La fibre, un atout pour vendre le territoire saint-quentinois
« Il faut aller le plus vite possible dans le déploiement de la fibre optique haut débit », lance d’emblée Frédérique Macarez, vice-présidente chargée du développement économique à l’agglomération de Saint-Quentin.

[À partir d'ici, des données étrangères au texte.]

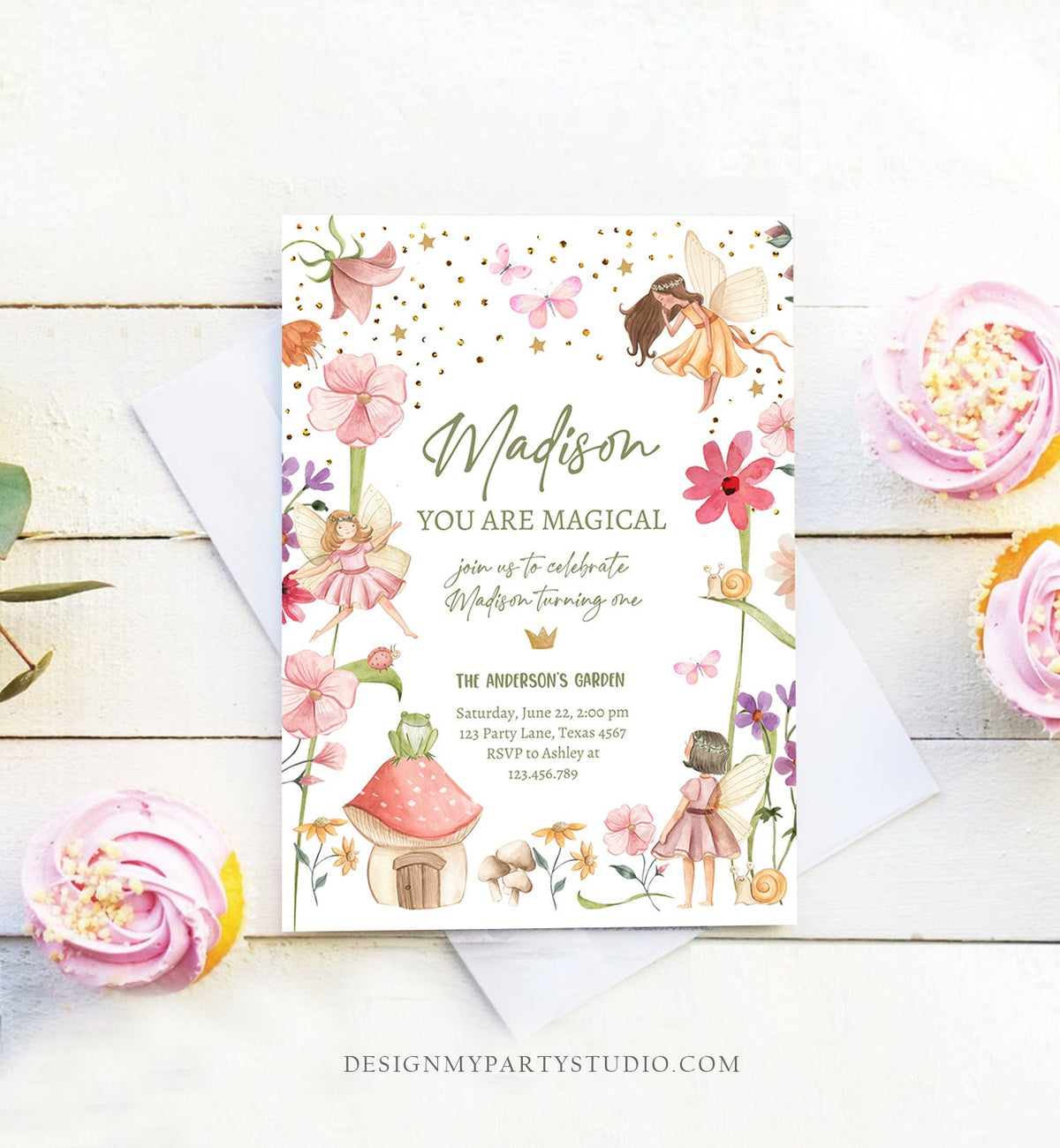 Editable Fairy Birthday Invitation Fairy Garden Birthday Fairy Forest Girls 1st Birthday Magical Download Evite Template Printable 0406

La deuxième ville de Picardie tente de ne pas perdre d’avance sur ses consœurs picardes et d’autres villes concurrentes comme Cambrai et Arras. Le haut débit est aujourd’hui une source d’enjeu pour attirer les habitants mais aussi les entreprises, et ainsi créer une dynamique économique au sein de l’agglomération. « Sans le haut débit, il n’est plus possible d’accueillir de nouveaux habitants et de nouvelles entreprises. C’est aujourd’hui une demande qui croît », confirme l’élue.
Dans le cadre des zones AMII (appel à manifestation d’intention d’investissement), soumise à un appel d’offres national, l’agglomération de Saint-Quentin a signé un accord avec l’opérateur Orange. Ce dernier déploiera la fibre en ville entre 2013 et 2018 et dans l’agglomération entre 2015 et 2020. Des quartiers de Saint-Quentin sont déjà équipés, dont une partie du centre-ville. Cet été, c’est la pépinière d’entreprises Créatis qui a été raccordée à la fibre. « La vocation de Créatis est d’accueillir des start-up, consommatrices de flux importants. Avec cette bonne nouvelle, nous allons pouvoir poursuivre et amplifier la commercialisation de cet outil auprès des entrepreneurs », développe Frédérique Macarez. Cette dernière n’hésite pas à provoquer des réunions entre l’opérateur et des entreprises pour trouver des solutions face au coût souvent élevé que représente l’installation de la fibre.